The state data center, which manages the network, is conducting a post-incident review to try to determine the cause and come up with recommendations for preventing another failure.
That review is expected to be completed in about two weeks, said Sandy Wheeler, administrator for the state data center.
“We don’t know what caused it,” Wheeler said. “We have pulled system logs. We are asking Cisco — the provider of hardware — to evaluate all of the logs and determine what happened.”
At about 7:30 a.m. Saturday, June 9, the state data command center received an alert that the state computer systems were unreachable. The data center immediately deployed on-call information technology employees with expertise in network and security issues and notified information technology offices of the state’s some 80 agencies of the problem.
State date center employees had the system back up and running by 3 p.m.

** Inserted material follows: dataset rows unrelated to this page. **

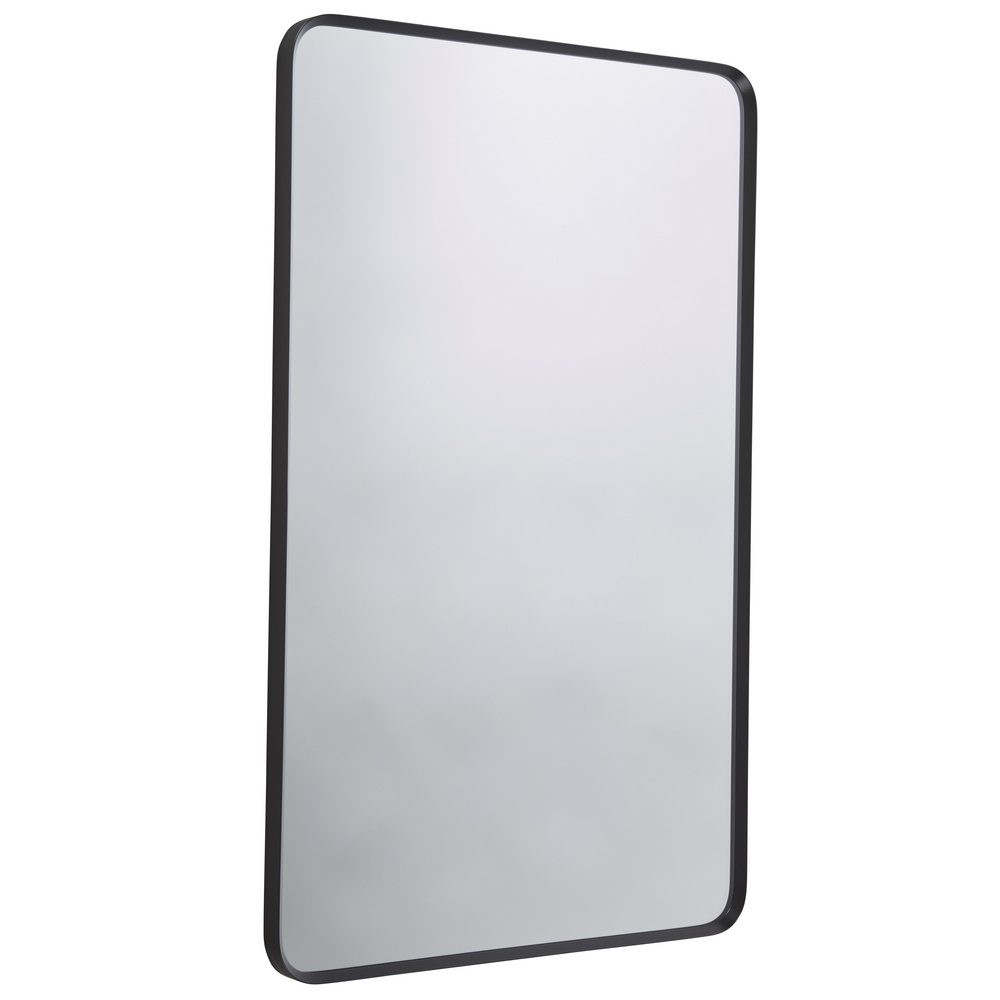 Tavistock Verge Framed Rectangular 450 x 700mm Mirror (1)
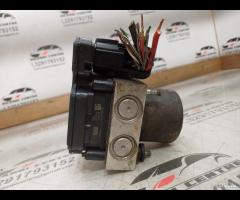 CENTRALINA POMPA ABS 2015 OPEL MOVANO 95520205 955 - 7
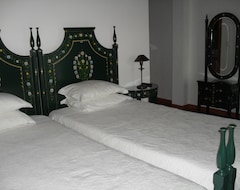 Bed & Breakfast Casa Verde (Ferreira do Alentejo, Bồ Đào Nha)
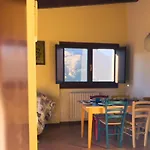 Tenuta Monteoliveto - Relax - Nelle Langhe Semesterbostad Vesime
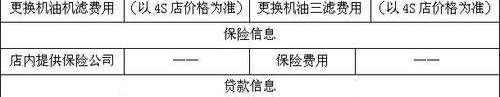 宝马,汉,宝马5系,世纪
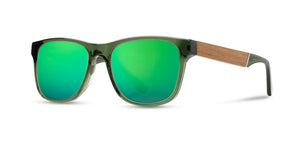 Camp Trail Sunglasses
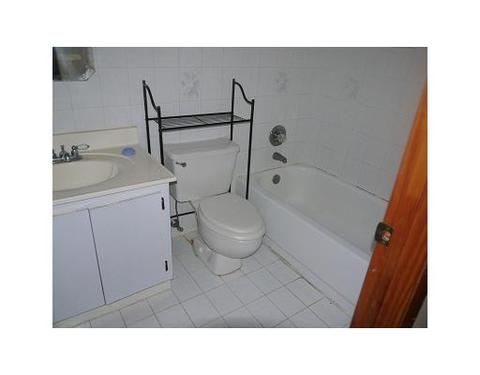 190 E 62 St, Hialeah, FL 33013 photo 15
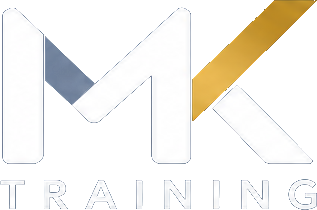 MK Training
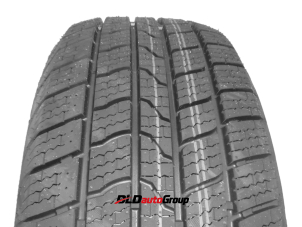 A-PLUS A909 175/65 R13 80 T
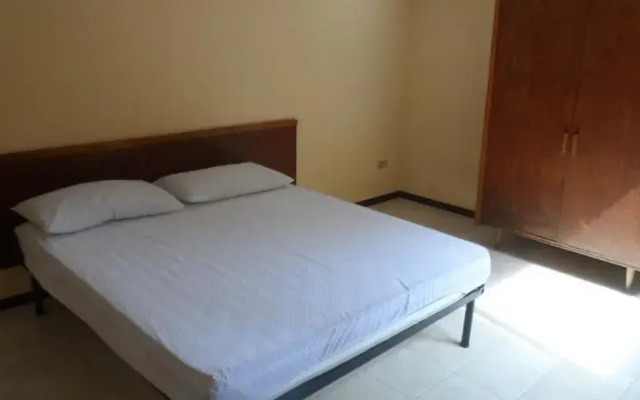 La Collina Country House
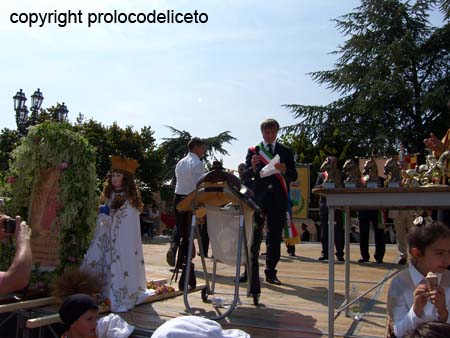 cavalcata 2011_71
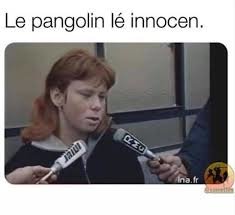Eni1F9yWMAYgMa2.jpg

June 9, but some agencies, such as the Oregon Department of Transportation, experienced disruptions through Monday, June 11.
For example, motorists were unable to access the transportation department’s TripCheck website to see traffic conditions. Meanwhile, truckers couldn’t use the website for obtaining permits. Sportspeople couldn’t get on the Fish & Wildlife site to get a fishing license.
PG&E had a scheduled power shutdown at the Capitol Mall earlier June 9, but the loss of power isn’t believed to have caused the state network outage.
“We don’t believe it was related to power, because the routers flipped to battery and generator backups,” Wheeler said.
The state network is built to handle an outage without any interruption in online access. The system has four core routers spread out in three different buildings in the state government complex in Salem. Each router has a battery and a generator backup and two motherboards. The second one is meant to take over if the other one fails.
“Each of those routers has multiple links to each other so if for some reason a link were to get broken, it should be able to go around another route to get to another router,” Wheeler said.
One way to prevent another failure might be to test the routers more regularly, she said. The last full-scale test of the system was 18 months ago.